In 1989, the City of Columbia created a new division within its police department, the Narcotics and Vice Department. Robin Howell, a patrolman with the City of Columbia Police Department, was appointed Deputy Chief of the newly-created division. In 1993, the City abolished the Narcotics and Vice Department in its entirety and abolished all positions therein. As a result, Mr. Howell was returned to his former position with the Police Department as a patrolman and his pay was reduced.

Throughout the record on appeal, Mr. Howell's position with the Department of Narcotics and Vice is referred to as both Deputy Administrator and Deputy Chief. After examining the record, we can find no distinction between the two labels for the position, and, therefore, to maintain consistency, will refer to the position as Deputy Chief.

Mr. Howell then requested and was granted a hearing before the Civil Service Board for the City of Columbia ("Board"). At the hearing, Mr. Howell argued that although the City could legally return him to the position of patrolman after the abolition of the Department of Narcotics and Vice, he was entitled to continue to receive the Deputy Chief salary. In addition, he attempted to prove that after the Department of Narcotics and Vice was abolished, a position for a Sergeant was advertised by the Police Department and that the job description of the Sergeant position was identical to that of the Deputy Chief of Narcotics and Vice. He asserted he should have been laterally transferred into that position.
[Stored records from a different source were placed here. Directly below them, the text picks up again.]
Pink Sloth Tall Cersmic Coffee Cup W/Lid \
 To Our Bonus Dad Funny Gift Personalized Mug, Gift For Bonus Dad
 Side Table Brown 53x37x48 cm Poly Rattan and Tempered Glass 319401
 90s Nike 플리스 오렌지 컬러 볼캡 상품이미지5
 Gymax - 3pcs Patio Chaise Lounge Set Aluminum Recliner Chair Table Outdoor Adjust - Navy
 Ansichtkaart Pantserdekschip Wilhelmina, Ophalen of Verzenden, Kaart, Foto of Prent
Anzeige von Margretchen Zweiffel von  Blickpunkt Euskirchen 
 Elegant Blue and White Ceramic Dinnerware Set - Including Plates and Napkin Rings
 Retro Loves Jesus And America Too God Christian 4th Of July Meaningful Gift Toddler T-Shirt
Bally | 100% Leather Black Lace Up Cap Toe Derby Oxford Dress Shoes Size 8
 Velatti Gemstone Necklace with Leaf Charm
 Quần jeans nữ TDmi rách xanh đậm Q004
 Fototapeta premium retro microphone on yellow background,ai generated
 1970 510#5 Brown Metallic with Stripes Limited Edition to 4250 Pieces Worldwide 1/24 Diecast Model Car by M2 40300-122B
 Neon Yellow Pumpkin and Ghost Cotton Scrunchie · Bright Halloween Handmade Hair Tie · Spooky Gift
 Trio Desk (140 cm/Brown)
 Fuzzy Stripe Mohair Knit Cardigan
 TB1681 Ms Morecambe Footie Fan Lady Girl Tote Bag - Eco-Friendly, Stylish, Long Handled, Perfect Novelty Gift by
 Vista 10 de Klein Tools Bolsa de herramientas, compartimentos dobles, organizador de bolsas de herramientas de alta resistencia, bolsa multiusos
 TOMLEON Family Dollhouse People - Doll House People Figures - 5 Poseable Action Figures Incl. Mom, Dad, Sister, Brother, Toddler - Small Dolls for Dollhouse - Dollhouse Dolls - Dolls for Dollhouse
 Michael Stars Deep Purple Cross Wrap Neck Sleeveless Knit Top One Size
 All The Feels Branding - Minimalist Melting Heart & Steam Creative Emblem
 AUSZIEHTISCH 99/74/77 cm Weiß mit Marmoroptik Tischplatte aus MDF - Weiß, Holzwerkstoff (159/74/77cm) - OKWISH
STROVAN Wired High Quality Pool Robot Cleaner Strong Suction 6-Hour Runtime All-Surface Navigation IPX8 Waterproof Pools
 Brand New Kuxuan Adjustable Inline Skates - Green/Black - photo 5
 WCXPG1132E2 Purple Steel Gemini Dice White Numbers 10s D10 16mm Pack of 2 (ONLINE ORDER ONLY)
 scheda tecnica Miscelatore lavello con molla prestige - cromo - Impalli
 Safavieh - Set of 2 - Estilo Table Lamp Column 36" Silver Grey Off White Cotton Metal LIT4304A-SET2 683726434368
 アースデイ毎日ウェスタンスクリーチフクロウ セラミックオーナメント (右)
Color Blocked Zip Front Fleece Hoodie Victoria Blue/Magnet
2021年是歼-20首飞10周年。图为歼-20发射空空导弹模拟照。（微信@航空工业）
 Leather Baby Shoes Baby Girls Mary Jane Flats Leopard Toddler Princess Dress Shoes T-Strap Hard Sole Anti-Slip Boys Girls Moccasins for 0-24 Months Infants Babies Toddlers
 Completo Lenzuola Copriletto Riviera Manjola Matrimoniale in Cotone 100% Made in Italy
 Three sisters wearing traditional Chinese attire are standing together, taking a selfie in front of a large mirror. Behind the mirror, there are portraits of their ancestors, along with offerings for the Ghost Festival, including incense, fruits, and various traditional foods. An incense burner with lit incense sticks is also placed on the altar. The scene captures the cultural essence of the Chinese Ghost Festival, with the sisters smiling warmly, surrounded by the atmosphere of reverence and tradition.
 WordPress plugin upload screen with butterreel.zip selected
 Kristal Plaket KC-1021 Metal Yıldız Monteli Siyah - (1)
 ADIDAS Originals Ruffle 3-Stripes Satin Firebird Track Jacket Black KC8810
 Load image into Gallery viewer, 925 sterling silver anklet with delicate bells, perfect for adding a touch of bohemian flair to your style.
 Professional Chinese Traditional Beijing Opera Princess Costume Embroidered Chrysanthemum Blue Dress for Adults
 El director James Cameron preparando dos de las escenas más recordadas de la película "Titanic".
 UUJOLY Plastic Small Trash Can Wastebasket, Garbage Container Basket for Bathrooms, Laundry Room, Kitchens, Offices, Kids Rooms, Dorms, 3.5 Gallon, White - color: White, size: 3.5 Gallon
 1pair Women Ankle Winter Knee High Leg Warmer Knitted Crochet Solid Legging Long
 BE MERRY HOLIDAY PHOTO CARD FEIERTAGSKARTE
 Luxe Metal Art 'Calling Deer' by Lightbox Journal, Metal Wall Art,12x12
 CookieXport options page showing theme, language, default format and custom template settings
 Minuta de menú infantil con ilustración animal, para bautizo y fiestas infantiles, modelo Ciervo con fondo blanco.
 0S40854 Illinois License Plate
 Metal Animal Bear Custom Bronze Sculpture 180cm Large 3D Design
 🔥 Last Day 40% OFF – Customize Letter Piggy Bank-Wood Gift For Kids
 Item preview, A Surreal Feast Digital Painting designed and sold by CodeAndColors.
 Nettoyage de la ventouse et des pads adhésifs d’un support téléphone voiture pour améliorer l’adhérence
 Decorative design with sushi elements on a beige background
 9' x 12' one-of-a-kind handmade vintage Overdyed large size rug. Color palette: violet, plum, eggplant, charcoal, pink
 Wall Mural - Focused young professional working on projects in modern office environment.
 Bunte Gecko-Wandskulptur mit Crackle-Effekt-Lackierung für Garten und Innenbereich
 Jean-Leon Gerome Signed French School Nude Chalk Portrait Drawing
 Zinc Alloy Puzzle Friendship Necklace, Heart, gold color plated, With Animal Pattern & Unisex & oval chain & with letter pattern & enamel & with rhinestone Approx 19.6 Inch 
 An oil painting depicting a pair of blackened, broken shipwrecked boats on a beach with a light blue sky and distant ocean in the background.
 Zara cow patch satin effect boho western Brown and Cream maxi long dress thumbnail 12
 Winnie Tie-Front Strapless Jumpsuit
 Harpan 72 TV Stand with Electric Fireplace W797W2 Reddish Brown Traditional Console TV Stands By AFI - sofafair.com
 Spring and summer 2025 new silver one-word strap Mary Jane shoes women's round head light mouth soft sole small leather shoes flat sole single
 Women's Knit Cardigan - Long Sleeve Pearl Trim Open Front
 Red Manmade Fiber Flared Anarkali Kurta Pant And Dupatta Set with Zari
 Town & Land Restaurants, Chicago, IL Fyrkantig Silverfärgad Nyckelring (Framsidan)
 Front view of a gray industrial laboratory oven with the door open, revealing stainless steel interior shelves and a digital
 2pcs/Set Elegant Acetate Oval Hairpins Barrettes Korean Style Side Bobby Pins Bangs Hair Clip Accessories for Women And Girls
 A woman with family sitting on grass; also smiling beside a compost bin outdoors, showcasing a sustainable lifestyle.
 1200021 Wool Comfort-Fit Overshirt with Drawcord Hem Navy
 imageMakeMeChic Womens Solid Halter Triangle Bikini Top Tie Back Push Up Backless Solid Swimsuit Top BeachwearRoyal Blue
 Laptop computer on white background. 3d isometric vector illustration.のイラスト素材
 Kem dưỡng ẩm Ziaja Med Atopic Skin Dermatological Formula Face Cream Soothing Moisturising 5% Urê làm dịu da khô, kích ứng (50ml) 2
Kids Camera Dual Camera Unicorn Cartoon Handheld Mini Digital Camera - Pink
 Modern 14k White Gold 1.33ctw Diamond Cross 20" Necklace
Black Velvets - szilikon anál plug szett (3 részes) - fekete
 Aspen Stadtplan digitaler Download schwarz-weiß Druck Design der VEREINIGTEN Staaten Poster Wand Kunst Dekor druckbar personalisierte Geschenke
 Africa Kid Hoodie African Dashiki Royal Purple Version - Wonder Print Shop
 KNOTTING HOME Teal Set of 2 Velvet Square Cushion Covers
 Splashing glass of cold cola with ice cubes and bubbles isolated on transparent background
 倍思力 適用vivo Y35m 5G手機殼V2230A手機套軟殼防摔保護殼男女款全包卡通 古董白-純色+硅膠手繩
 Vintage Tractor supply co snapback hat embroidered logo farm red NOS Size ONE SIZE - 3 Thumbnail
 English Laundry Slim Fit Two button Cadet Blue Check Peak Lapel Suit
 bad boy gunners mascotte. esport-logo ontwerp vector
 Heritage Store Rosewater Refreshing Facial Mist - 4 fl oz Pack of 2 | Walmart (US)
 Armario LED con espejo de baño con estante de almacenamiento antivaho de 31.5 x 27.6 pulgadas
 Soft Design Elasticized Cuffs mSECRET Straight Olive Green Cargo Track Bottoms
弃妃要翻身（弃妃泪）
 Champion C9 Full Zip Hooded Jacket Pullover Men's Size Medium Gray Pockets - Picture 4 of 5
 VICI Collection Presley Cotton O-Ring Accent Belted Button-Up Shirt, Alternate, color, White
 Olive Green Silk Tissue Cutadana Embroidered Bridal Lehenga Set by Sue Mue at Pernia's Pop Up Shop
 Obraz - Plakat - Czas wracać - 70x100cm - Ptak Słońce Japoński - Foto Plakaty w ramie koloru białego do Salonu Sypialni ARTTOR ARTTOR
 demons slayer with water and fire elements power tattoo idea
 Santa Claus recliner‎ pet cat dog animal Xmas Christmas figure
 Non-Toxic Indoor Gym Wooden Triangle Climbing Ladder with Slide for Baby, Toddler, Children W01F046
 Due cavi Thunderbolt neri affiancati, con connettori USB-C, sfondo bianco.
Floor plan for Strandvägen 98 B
The City argued that: (1) the City followed its own ordinances in abolishing the Department of Narcotics and Vice and returning Mr. Howell to his former position at his former rate of pay; (2) the job description for Sergeant is different from that of the abolished Deputy Chief position; (3) Section 6.13 of the Charter did not require the City to offer Mr. Howell any employment with the Columbia Police Department after the abolition of the Department of Narcotics and Vice or to place Mr. Howell in a different position; and (4) Mr. Howell had no vested interest in the salary he was drawing as Deputy Chief of the Department of Narcotics and Vice at the time the department was abolished.

At the close of the hearing, the hearing officer framed the issue before the Board as follows:

The question before the board today is whether or not the City manager of the City of Columbia, Tennessee was justified in his decision to place Officer Robin Howell back in his position previously held in the police department, that being the position of patrolman at the wage of patrolman as opposed to the previous wage that he held when he was within the department of narcotics and vice and served under the capacity of a lieutenant's wage.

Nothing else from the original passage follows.